The pictures of the first ascent of Blanchard from the Champ de Mars on the 2nd of March, 1784, in the presence of a vast multitude, show us the oars and the mechanism of his flying-machine fitted to a balloon. The design which we here give seems to us deserving of being considered only as one of the caricatures of the time, especially when we look at the personage dressed in the fool’s head-gear, who sits behind and accompanies the triumphant ascent of the aeronaut with music.
It was not with this apparatus that Blanchard effected his ascent, for we have seen that the gearing of his vessel was broken by the infuriated Dupont de Chambon. Yet the aeronaut pretends to have been, to some extent, assisted by his mechanical contrivances. The following is his narrative:—
“I rose to a certain height over Plassy, and perceiving Villette, which I did not despair of reaching in spite of the misfortune that had happened to me, I attached a rope of my rigging to my leg, not being able to make use of my left hand, which I had wrapped in my handkerchief on account of the sword-wound it had received. I fixed up a piece of cloth, and thus made a sort of sail with which I hugged the wind. But the rays of the sun had so heated and rarefied the inflammable air that soon I forgot my rigging in thinking of the terrible danger that threatened me.”
Going on to narrate the dangers that beset him, Blanchard describes a number of most extraordinary experiences, which would be better worthy of a place here if they were more like the truth. His curious narrative is thus brought to a close:—
“Escaped from these impetuous and contrary winds, during which I had felt a great degree of cold, I mounted perpendicularly. The cold became excessive. Being hungry I ate a morsel of cake. I wished to drink, but in searching the car nothing was to be seen but the debris of bottles and glasses, which my assailant had left behind him when we were about to depart. Afterwards all was so calm that nothing could be seen or heard. The silence became appalling, and to add to my alarm I began to lose consciousness. I now wished to take snuff, but found I had left my box behind me. I changed my seat many times; I went from prow to stern, but the drowsiness only ceased to assail me when I was struck by two furious winds, which compressed my balloon to such an extent that its size became sensibly diminished to the eye. I was not sorry when I began to descend rapidly upon the river, which at first seemed to me a white thread, afterwards a ribbon, and then a piece of cloth. As I followed the course of the river, the fear that I should have to descend into it, made me agitate the oars very rapidly. I believe that it is to these movements that I owe my being able to cross the river transversely, and get above dry land. When I saw myself upon the plain of Billancourt, I recognised the bridge of Sevres, and the road to Versailles. I was then about as high as the towers above the plain, and I could hear the words and the cries of joy of the people who were following me below. At length I came to a plain about 200 feet in extent. The people then assisted me and brought my vessel to anchor. Immediately I was surrounded by gentlemen and foot passengers who had run together from all parts.”
This voyage lasted one hour and a quarter.
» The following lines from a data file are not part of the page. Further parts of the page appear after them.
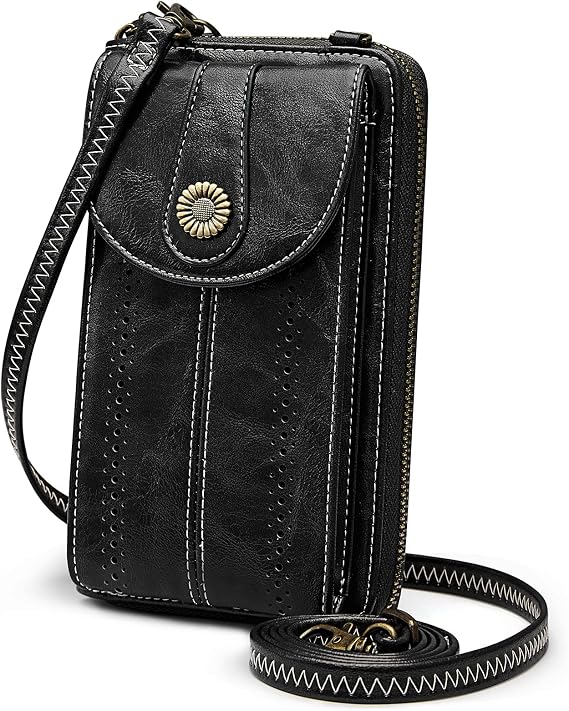S-ZONE Women RFID Blocking Crossbody Cell Phone Purse PU Leather Wallet
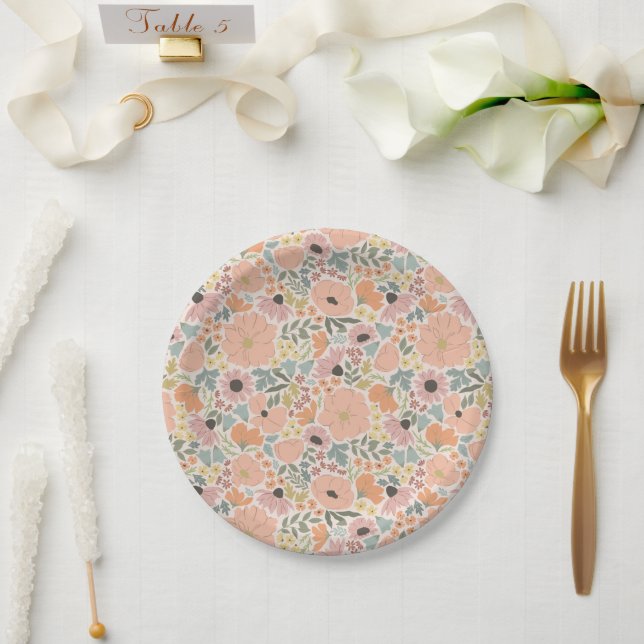 Plato De Papel Floral Bridal Shower (Boda)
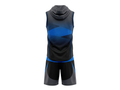Custom Black Blue 7v7 Football Uniform – Sleeveless Hooded Team Set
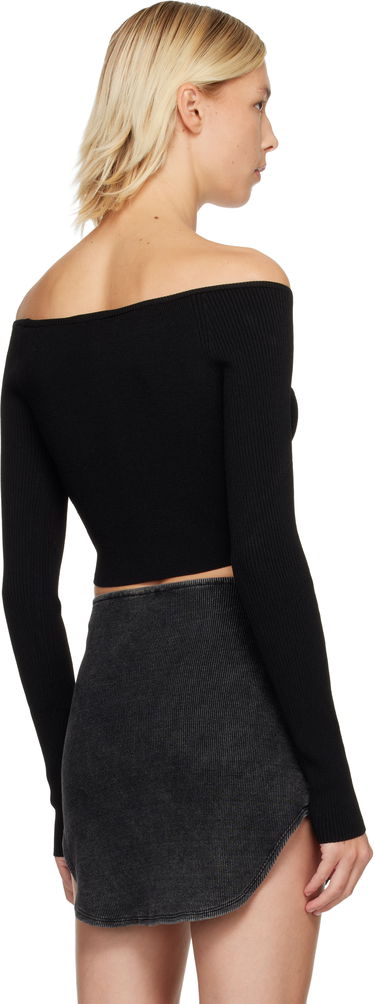 Crop top Diesel Ribbed Off-Shoulder Long-Sleeve Cropped Top with Metallic D-Logo Emblem Sort | A14189 0DLAX, 2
The most important incident of it was that the balloon was very nearly burst by the expansion of the hydrogen gas. No balloon, as we have already seen, should be entirely inflated at the beginning of a journey. Blanchard had a narrow escape from being the victim of his ignorance of physics, and it is a wonder he was not left to the mercy of fate in a burst balloon, at several thousand feet above the earth.
Biot, the savant, who had watched the experiment, declared that Blanchard did not stir himself, and that the variations of his course are alone to be attributed to the currents of air that he encountered. As he had inscribed upon his flags, his balloons, and his entrance tickets, from which he realised a considerable sum, the ambitious legend, Sic itur ad astra, the following epigram was produced respecting him:—
From the Field of Mars he took his flight:
In a field close by he tumbled;
But our money having taken
He smiled though sadly shaken,
As Sic itur ad astra he mumbled.
What is most important to examine in each of the great aerial voyages that have been made, is the special character which distinguishes them from average experiments. All our great voyages are rendered special and particular by the ideas of the men who undertook them, and the aims which they severally meant to achieve by them. The early ascents of Montgolfier had for their aim the establishment of the fact that any body lighter than the volume of air which it displaces will rise in the atmosphere; those of Roziers were undertaken to prove that man can apply this principle for the purpose of making actual aerial voyages; those of Robertson, Gay-Lussac, &c., were undertaken for the purpose of ascertaining certain meteorological phenomena; those of Conte Coutelle applied aerostation to military uses. A considerable number were made with the view of organising a system of aerial navigation analogous to that of the sea-steerage in a certain direction by means of oars or sails—in a word, to investigate the possibility of sailing through the air to any point fixed upon. It was with this object that the experiments at Dijon took place, and these were the most serious attempts down to our times that have been made to steer balloons.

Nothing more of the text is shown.